Then, I can get rid of country ID and County variables.
Removing Variables
school_teacher_data <- select(school_teacher_data, CNTSCHID, CNTTCHID, FRPL, COB_TECH, HIGH_EDU)
summary(school_teacher_data)
CNTSCHID CNTTCHID FRPL COB_TECH
Min. :84000001 Min. :84000001 Min. :1.000 Min. :1.000
1st Qu.:84000047 1st Qu.:84000942 1st Qu.:3.000 1st Qu.:1.000
Median :84000088 Median :84001888 Median :3.000 Median :1.000
Mean :84000088 Mean :84001889 Mean :3.435 Mean :1.052
3rd Qu.:84000131 3rd Qu.:84002838 3rd Qu.:4.000 3rd Qu.:1.000
Max. :84000175 Max. :84003779 Max. :5.000 Max. :2.000
NA's :539 NA's :1742
HIGH_EDU
Min. :1.000
1st Qu.:3.000
Median :4.000
Mean :3.655
3rd Qu.:4.000
Max. :5.000
NA's :696
Changing the label of the variables
school_teacher_data$FRPL <- factor(school_teacher_data$FRPL,
levels = c(1:5),
labels = c("Less than 10 percent", "10 to 24.9 percent", "25 to 49.9 percent", "50 to 74.9 percent", "75 percent or more")
)
school_teacher_data$COB_TECH <- factor(school_teacher_data$COB_TECH,
levels = c(1:2),
labels = c("United States", "Other Country")
)
school_teacher_data$HIGH_EDU <- factor(school_teacher_data$HIGH_EDU,
levels = c(1:5),
labels = c("High school and/or some college courses", "Associate's degree", "Bachelor's degree", "Master's degree", "Doctoral or professional degree")
)
summary(school_teacher_data)
CNTSCHID CNTTCHID FRPL
Min. :84000001 Min. :84000001 Less than 10 percent: 119
1st Qu.:84000047 1st Qu.:84000942 10 to 24.9 percent : 415
Median :84000088 Median :84001888 25 to 49.9 percent :1072
Mean :84000088 Mean :84001889 50 to 74.9 percent : 810
3rd Qu.:84000131 3rd Qu.:84002838 75 percent or more : 571
Max. :84000175 Max. :84003779 NA's : 539
COB_TECH HIGH_EDU
United States:1691 High school and/or some college courses: 11
Other Country: 93 Associate's degree : 12
NA's :1742 Bachelor's degree :1013
Master's degree :1700
Doctoral or professional degree : 94
NA's : 696
Everything worked!!
However, our proposal contains a lot of school and teacher variables.

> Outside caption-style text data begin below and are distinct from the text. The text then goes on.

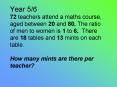 Year 5/6 72 teachers attend a maths course, aged between 20 and 80. The ratio of men to women is 1 to 6. There are 18 tables and 13 mints on each table. How many mints are there per teacher? PowerPoint PPT Presentation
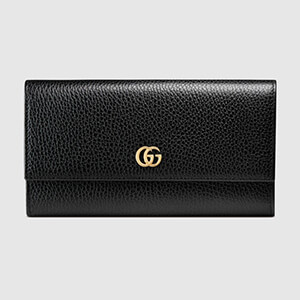 2017SS グッチ スーパーコピー プチ マーモント コンチネンタルウォレット 456116 CAO0G 1000(ブラック)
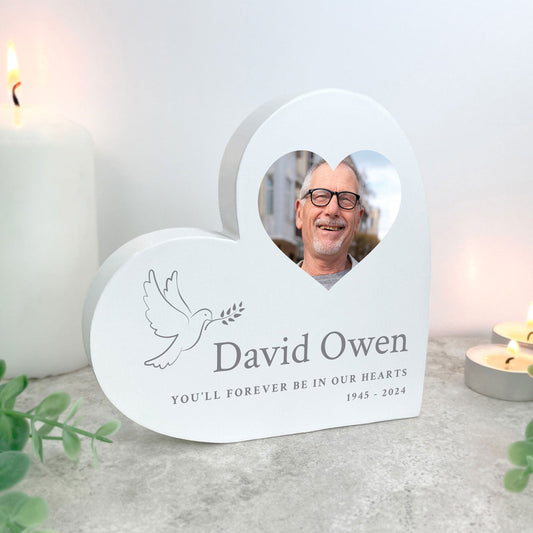 Personalised White In Loving Memory Dove Photo Freestanding Heart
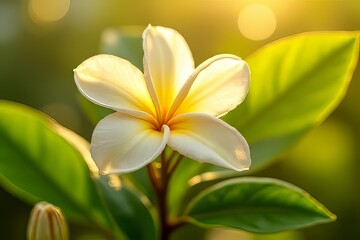 Fototapeta premium Beautiful Plumeria Flower in Sunlight Close-up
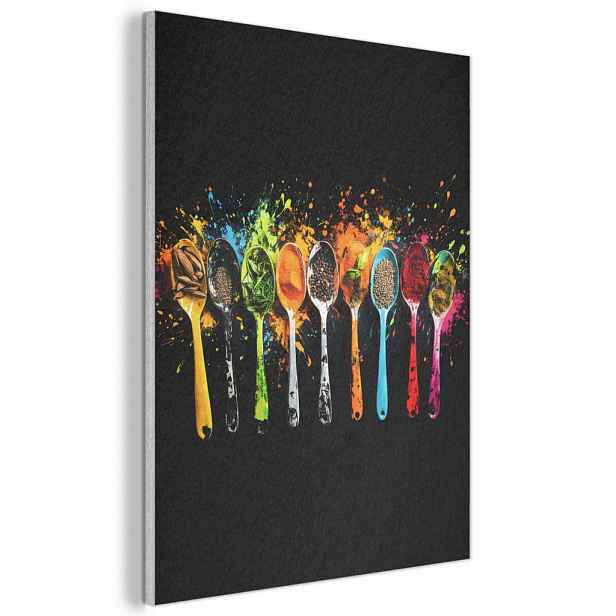 MuchoWow AKUSTICKÝ obraz Lžičky - koření - moderní - graffiti - barva - barevné 60x80 cm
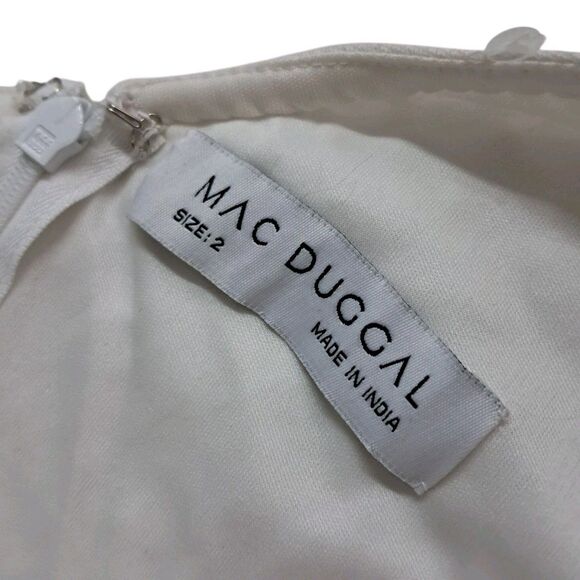 NWT Mac Duggal Gown Womens 2 Ivory One Shoulder Pearl Sequin Asymmetrical Bridal - Picture 3 of 16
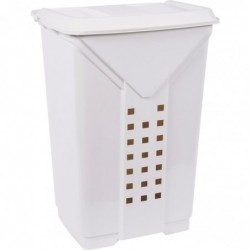 Coffre à linge Prima Eda - Blanc cérusé - Contenance 60 l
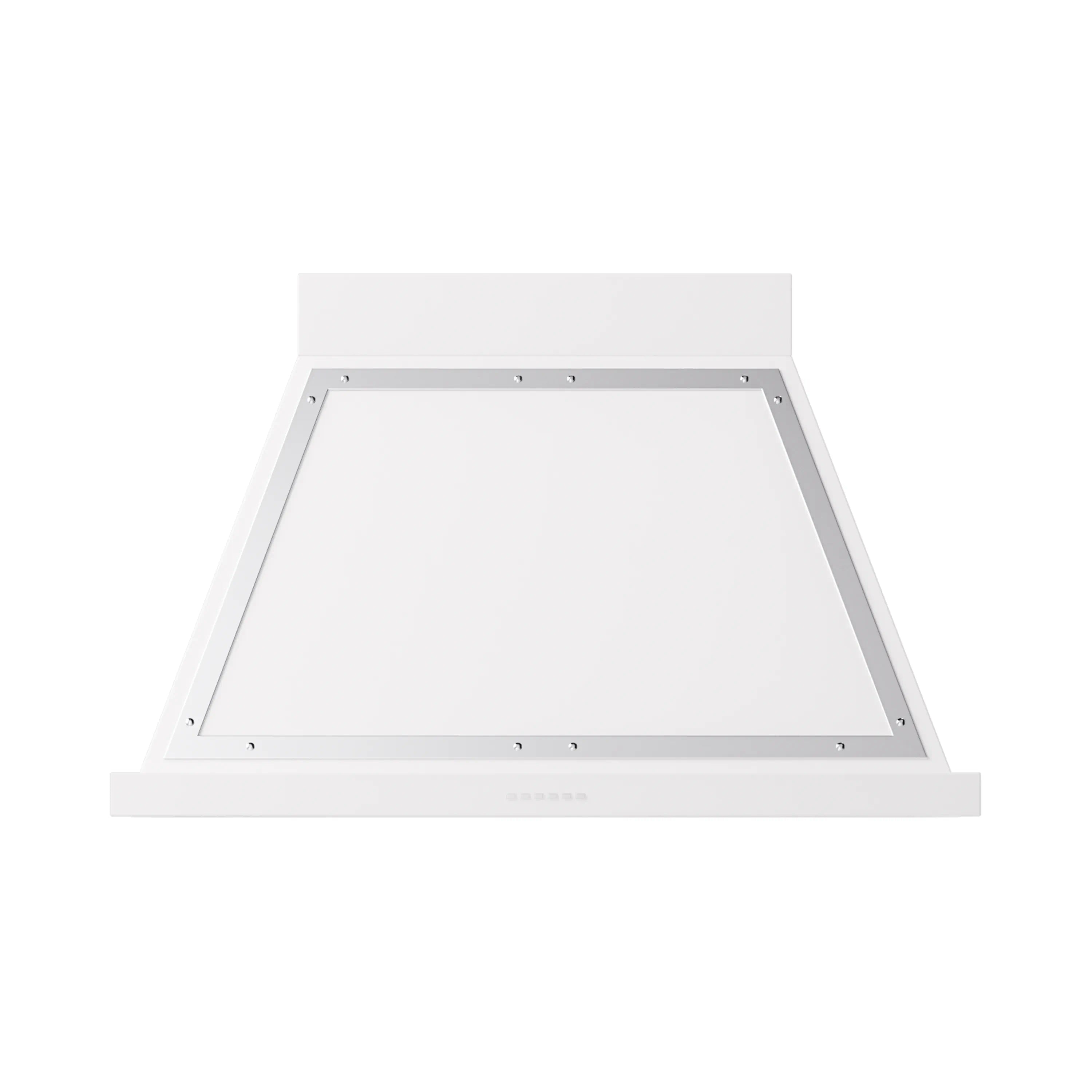 White wall-mounted range hood underside frame with open chimney and mounting points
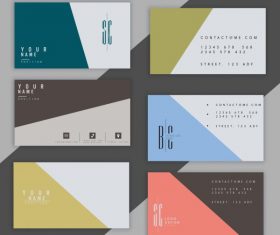 Business card templates colored plain classical simple vector design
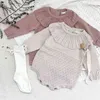 Bébé filles barboteuse automne né tricoté à volants à manches longues nés vêtements infantile combinaisons fille globale 211229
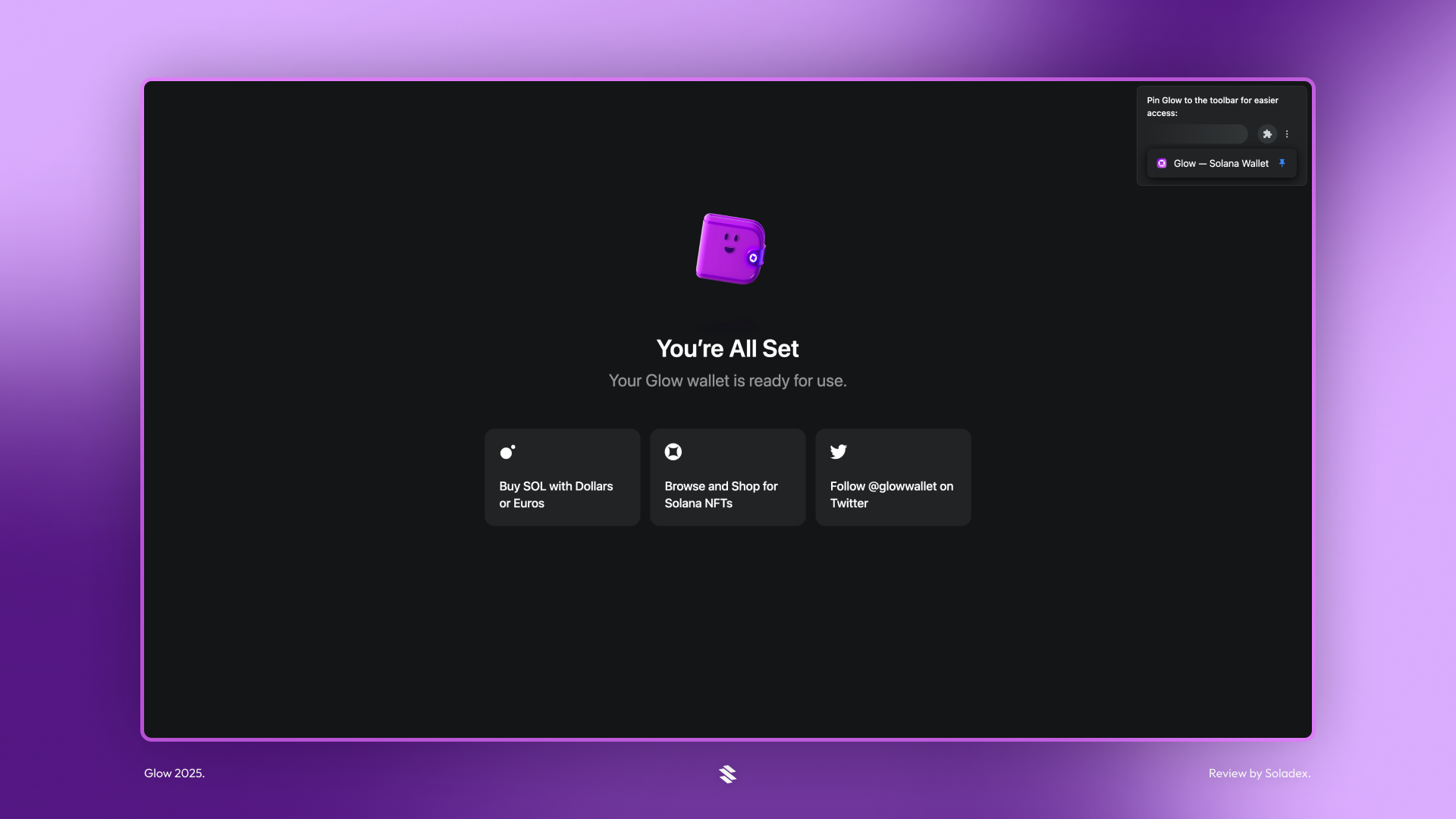 Confirmation screen that Glow wallet is all set up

The data sets we have worked on so far provided us almost all student
level variables, but not as many in terms of teachers and students. I
have .SPSS files for both school and teacher data sets. Now, I am going
to load student and teacher data sets and merge them with the
school_teacher_data.
added_teacher_data <- read.spss("us_teacher_only.sav", to.data.frame = TRUE)
str(added_teacher_data)
'data.frame': 3526 obs. of 14 variables:
$ CNTRYID : num 840 840 840 840 840 840 840 840 840 840 ...

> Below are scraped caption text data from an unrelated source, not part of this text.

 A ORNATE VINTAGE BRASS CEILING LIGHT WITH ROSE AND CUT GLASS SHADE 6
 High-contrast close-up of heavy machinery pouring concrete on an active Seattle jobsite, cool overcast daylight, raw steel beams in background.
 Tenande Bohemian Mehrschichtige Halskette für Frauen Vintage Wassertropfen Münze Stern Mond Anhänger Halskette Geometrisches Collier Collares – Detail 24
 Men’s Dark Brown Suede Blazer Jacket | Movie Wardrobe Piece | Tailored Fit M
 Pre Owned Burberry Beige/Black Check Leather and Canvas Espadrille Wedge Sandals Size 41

$ CNT : chr "USA" "USA" "USA" "USA" ...
$ CNTSCHID : num 84000144 84000011 84000084 84000082 84000161 ...
$ CNTTCHID : num 84000001 84000002 84000003 84000004 84000005 ...
$ TC_SEX : Factor w/ 2 levels "Female","Male": 2 2 2 1 1 1 NA 2 2 1 ...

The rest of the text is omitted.